- Opening Delimiter -

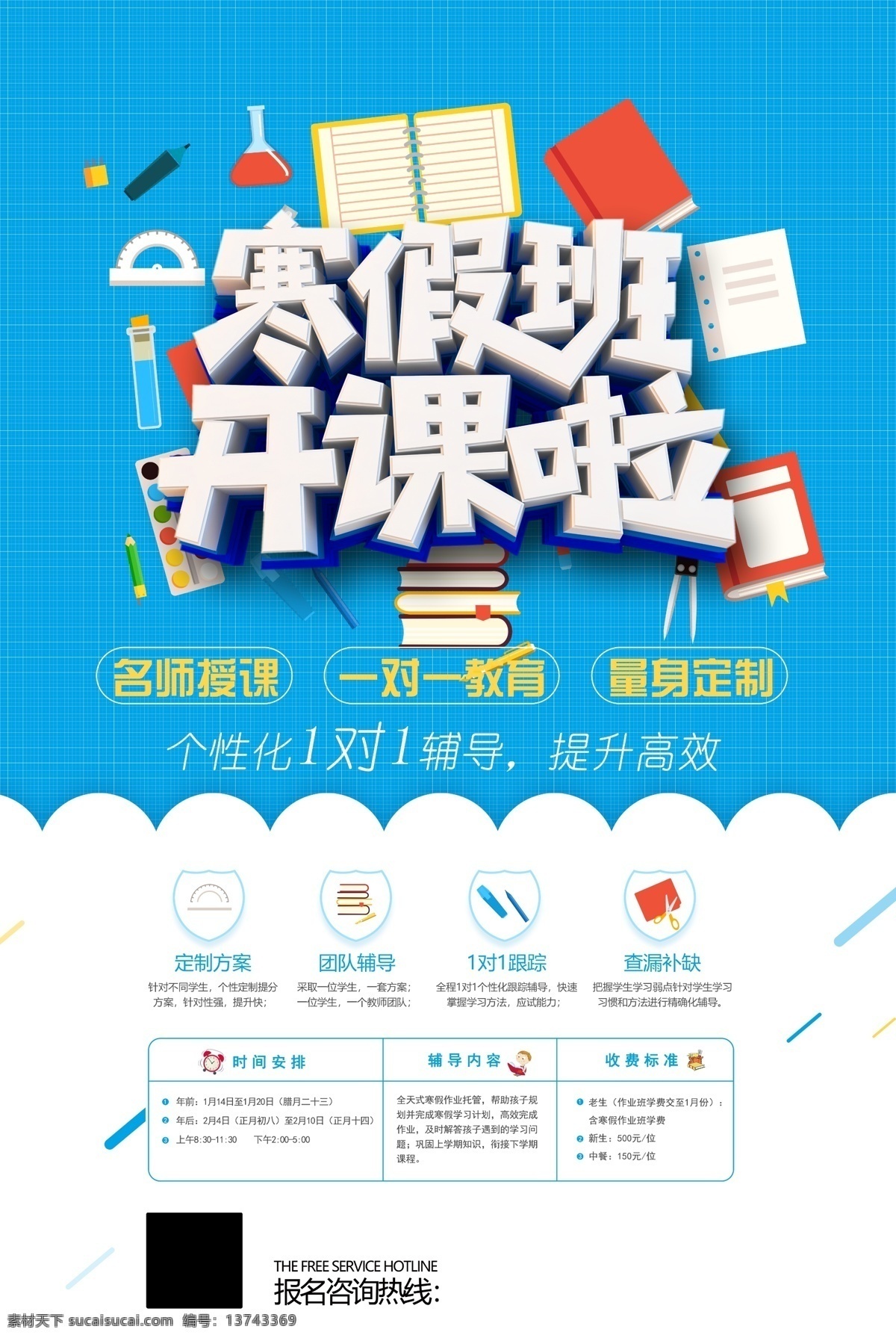 寒假班开课啦 寒假招生海报 寒假招生模板 寒假班 寒假补习 开课啦 培训班招生 寒假补习班 补习班招生 招生海报 寒假 寒假培训 补习招生海报 寒假班海报 招生宣传单 招生x展架 招生易拉宝 x展架 易拉宝 寒假招生单页 寒假招生彩页 寒假培训班 卡通背景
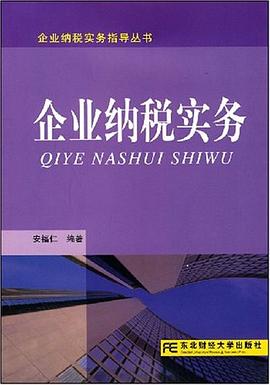 企业纳税实务 pdf epub mobi 电子书 下载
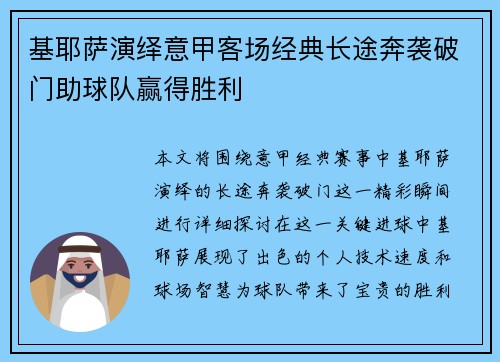 基耶萨演绎意甲客场经典长途奔袭破门助球队赢得胜利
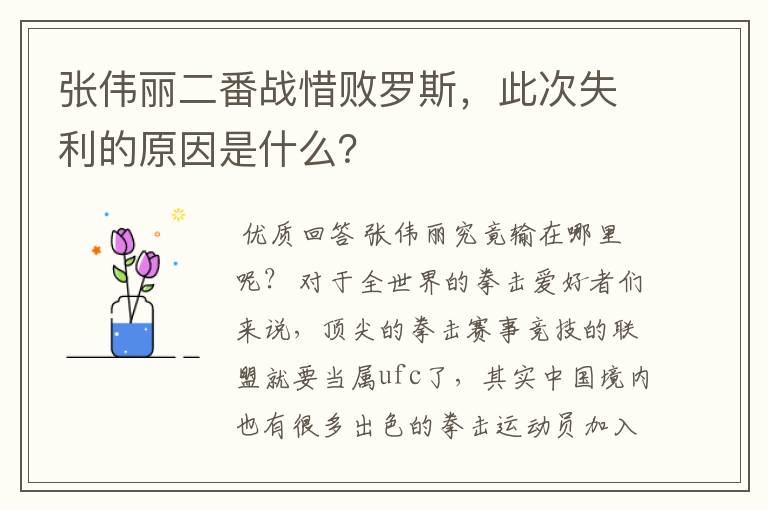 张伟丽二番战惜败罗斯,此次失利的原因是什么?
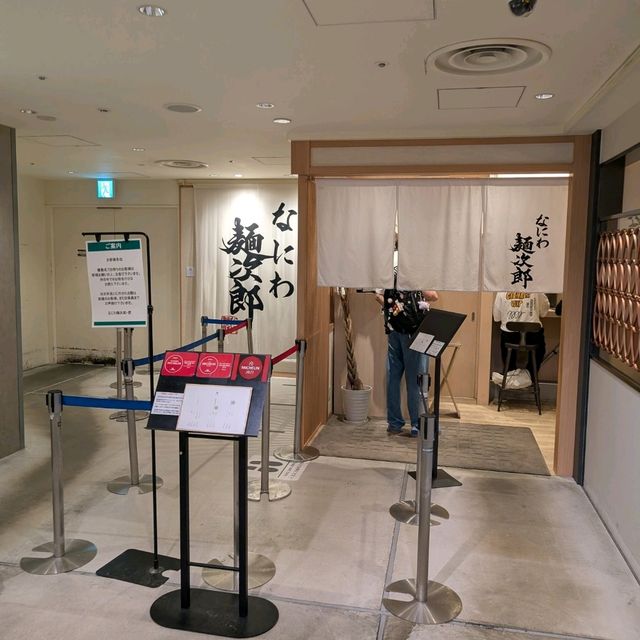 🇯🇵大阪「なにわ麵次郎」來一碗米其林必比登拉麵啦！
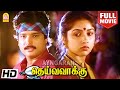 Deiva Vakku HD Full Movie தெய்வ வாக்கு Karthik Revathy Vijayakumar Radha Ravi 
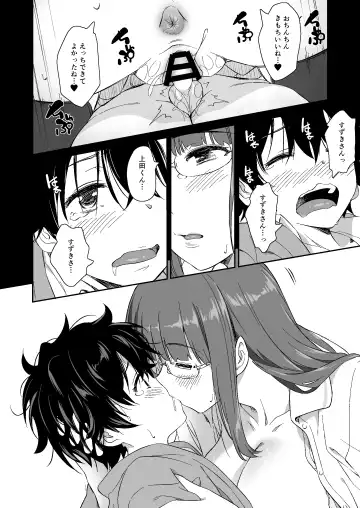 [Inu] Make Heroine no Seizon Senryaku Fhentai - Page 56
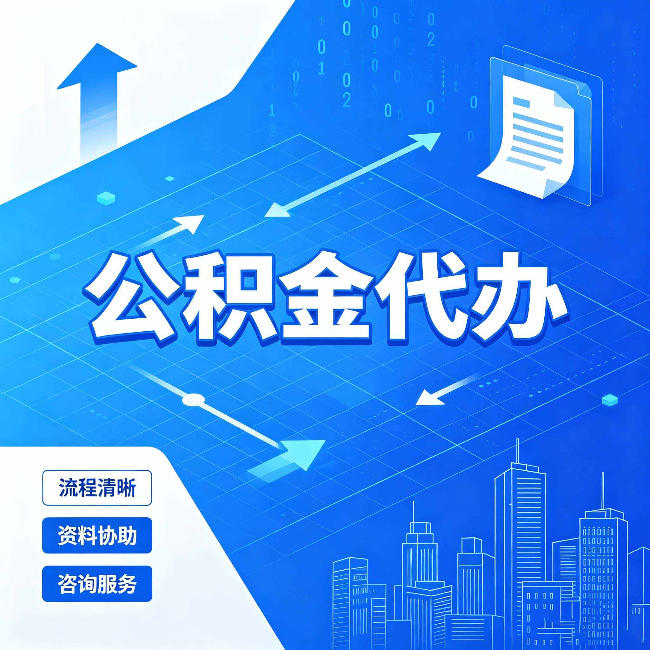南通公积金代办：常见误区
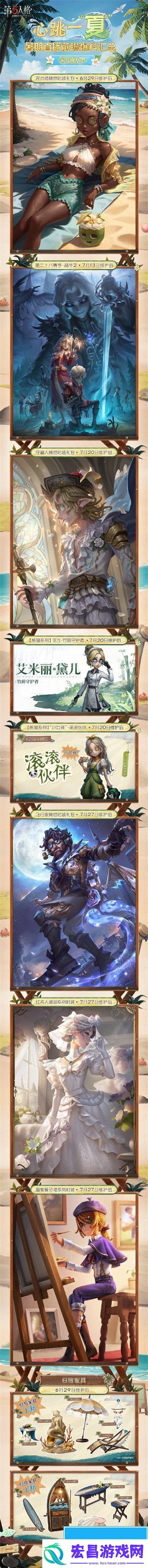 第五人格2023暑假活动有哪些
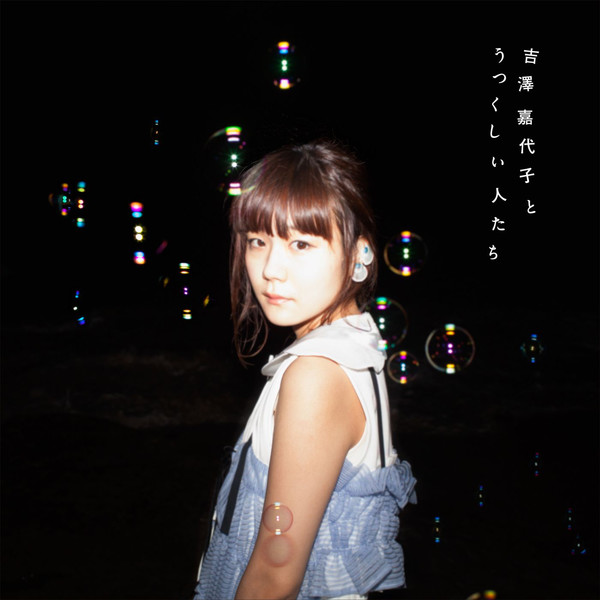 [Album] 吉澤嘉代子 – 吉澤嘉代子とうつくしい人たち (2016.08.03/MP3/RAR)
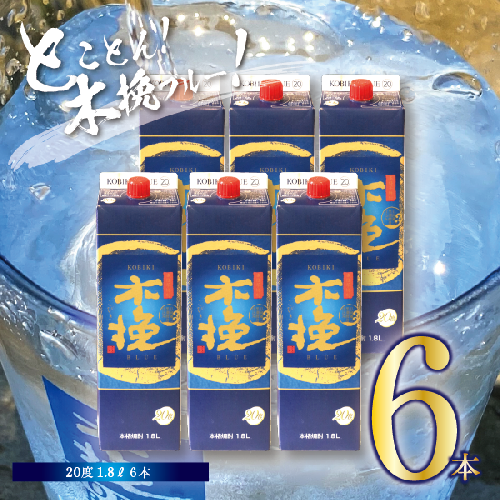 本格 芋焼酎 「木挽BLUE」 1.8L 6本 セット 20度 紙パック 雲海酒造 送料無料 486343 - 宮崎県綾町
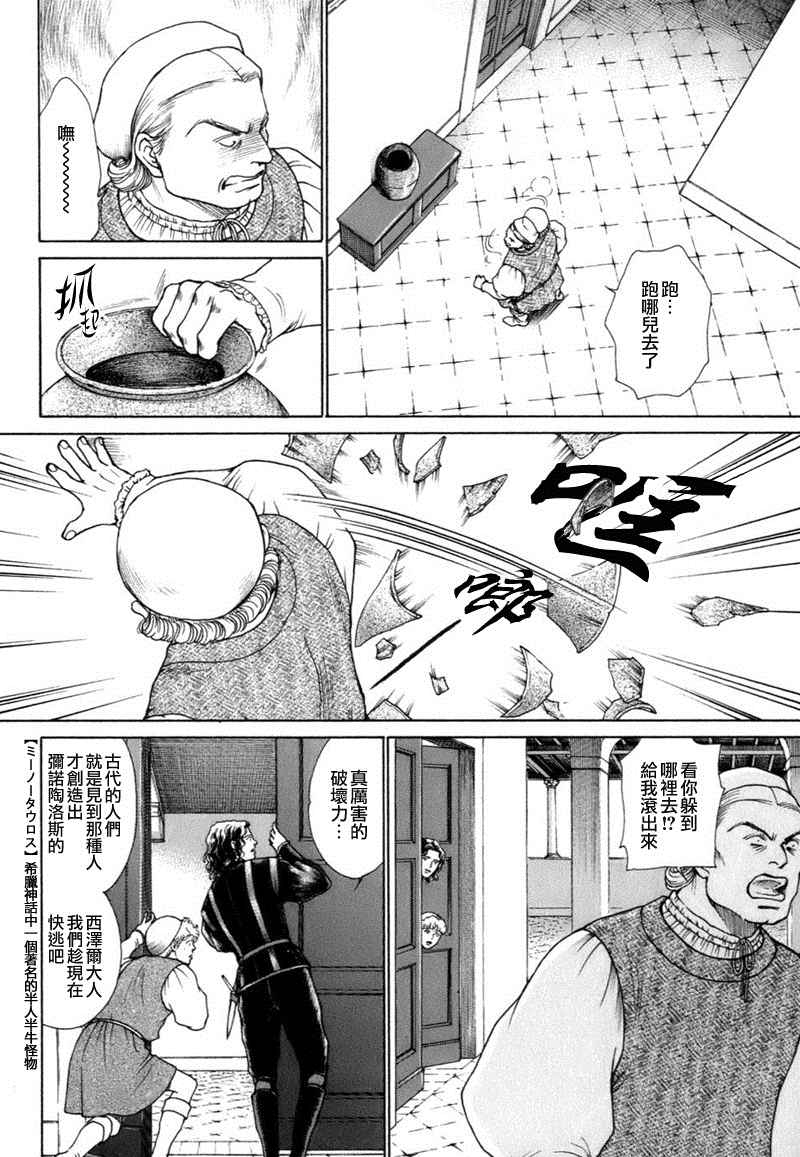 《西扎尔 破坏与创造者》漫画 破坏与创造者 03卷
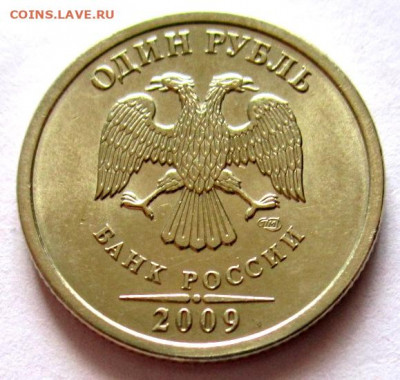 12 обиходных монет в блеске.До 22.00.19.04.2020 г. - 021.JPG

- Closing Delimiter -

▶ _WORK INSTRUCTION_: Skipping the pictures, output the entries exactly as they appear above.

▶ _TASK ANSWER_:
 寒假班开课啦 寒假招生海报 寒假招生模板 寒假班 寒假补习 开课啦 培训班招生 寒假补习班 补习班招生 招生海报 寒假 寒假培训 补习招生海报 寒假班海报 招生宣传单 招生x展架 招生易拉宝 x展架 易拉宝 寒假招生单页 寒假招生彩页 寒假培训班 卡通背景
 企业纳税实务 pdf epub mobi 电子书 下载
 基耶萨演绎意甲客场经典长途奔袭破门助球队赢得胜利
 张伟丽二番战惜败罗斯,此次失利的原因是什么?
 🇯🇵大阪「なにわ麵次郎」來一碗米其林必比登拉麵啦！
 Deiva Vakku HD Full Movie தெய்வ வாக்கு Karthik Revathy Vijayakumar Radha Ravi 
 [Inu] Make Heroine no Seizon Senryaku Fhentai - Page 56
南通公积金代办：常见误区
 第五人格2023暑假活动有哪些
 [Album] 吉澤嘉代子 – 吉澤嘉代子とうつくしい人たち (2016.08.03/MP3/RAR)
 本格 芋焼酎 「木挽BLUE」 1.8L 6本 セット 20度 紙パック 雲海酒造 送料無料 486343 - 宮崎県綾町
 《西扎尔 破坏与创造者》漫画 破坏与创造者 03卷
 12 обиходных монет в блеске.До 22.00.19.04.2020 г. - 021.JPG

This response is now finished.